Most media professionals would have some empathy with local and regional news publishers who are struggling with declining print revenues and trying to establish a foothold in digital. The trouble is, the BBC is already there -- and is the country's number one news source with teams dedicated to both national and local news coverage.
When print was the only game in town, it didn't matter. The BBC did tv and radio and the newspaper companies sold print. Now they have come together to face off in digital, there is a massive problem.
On the one hand we have commercial organisations that say they cannot compete on a level playing field against a state-owned broadcaster with a massive, guaranteed budget.
On the other, we have the country's most trusted news source from a corporation that is not allowed to run advertising.
Surely, however, if the BBC shared traffic with local papers, which would then surround the item with advertising, you would have a situation where regional publishers are being given content, paid for by the state, to pin adverts around. That can't be right, but then commercial publishers facing the death of print having to go through newsroom and sales team "realignments" because they can't compete with state-funded content is also far from ideal.
Could there be a solution?
Look at BBC Worldwide. It sells content and merchandise around the world. Watch its channel abroad and you can't help but be surprised at the advert breaks -- and of course, when you watch BBC programmes abroad that have been sold to a foreign channel, there is usually an advertising break. In fact, you only need look at channels such as Dave that repackage BBC content at home, complete with frequent ad breaks.
So how about this: why doesn't the same model get applied to local media? Why don't publishers and the BBC come to an agreement that they can have written, audio and video content on their sites in exchange for a royalty?
The BBC would get a new revenue stream without itself having to break a taboo and run advertising, and the local media companies would get access to the great content they say is making their corporate lives so hard.
What former BBC tech supremo, Ashley Highfield, now chief exec of Johnston Press, is calling for today seems a little overly optimistic. Should the BBC really have a quota of traffic it should send to local media? I can't really see that working. Where would you set the level and why would people who want to receive BBC content, that they have funded, be redirected to a local newspaper site they didn't intend to visit?
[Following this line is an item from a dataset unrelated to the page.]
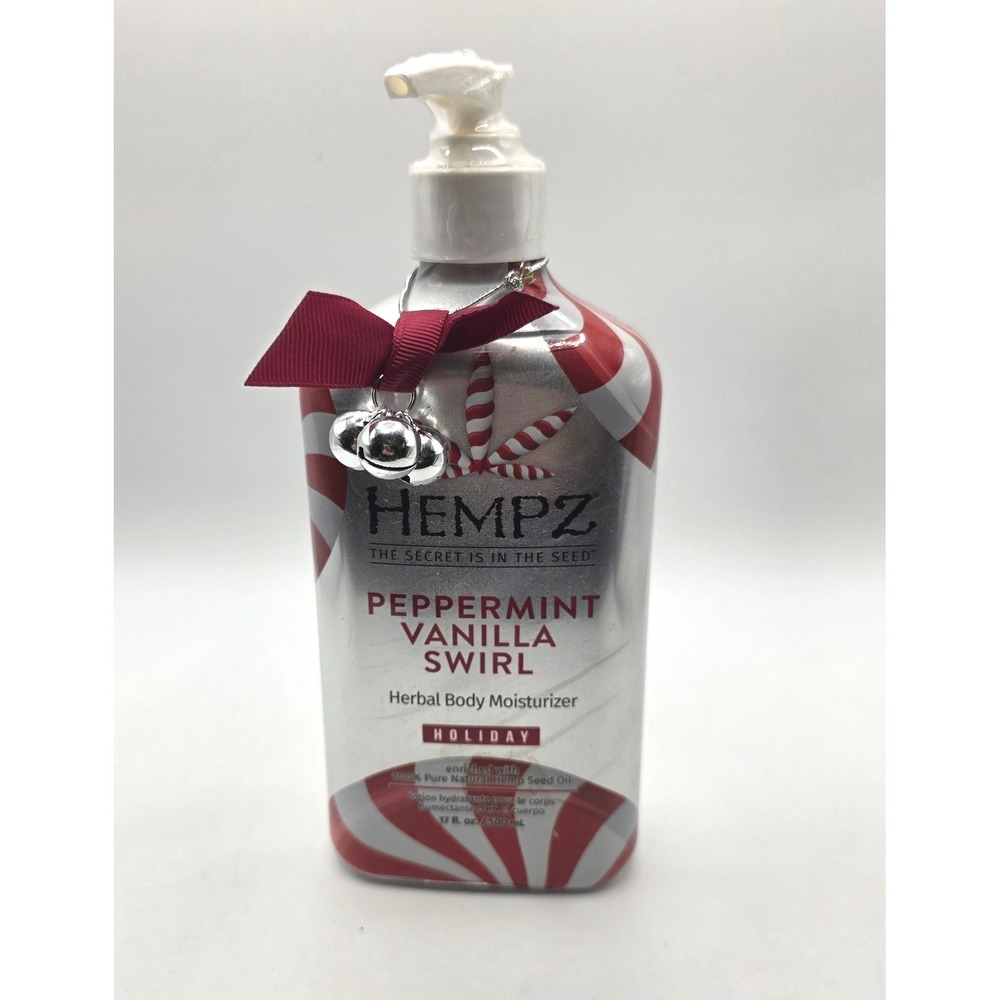 Hempz Peppermint Vanilla Swirl Herbal Body Moisturizer 17oz Holiday Edition New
To me, by far the fairest thing to do is to come up with a remuneration package through which local commercial media can use BBC content. It might be a news story presented as a BBC story, perhaps with a small table detailing the last six or most popular six or so stories from the BBC -- which when clicked on are displayed within that local media company's Web site with their advertising.
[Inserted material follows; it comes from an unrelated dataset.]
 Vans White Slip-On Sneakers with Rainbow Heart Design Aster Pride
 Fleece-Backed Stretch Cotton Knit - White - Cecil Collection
The money side could either be a monthly or weekly fee for unfettered access or perhaps a fee could be charged every time an article, audio stream or video is consumed.
It would appear that this is the closest the regional press can get to a win-win situation. People wouldn't have to leave their sites to get BBC local news information and they could buy in top-quality content they can monetise.
Of course, what they can't really hope for is the BBC sending traffic their way. That really does sound like a pipe dream to me.
Get the calculators out and come to a BBC Worldwide-style deal. That has to be the best solution -- surely?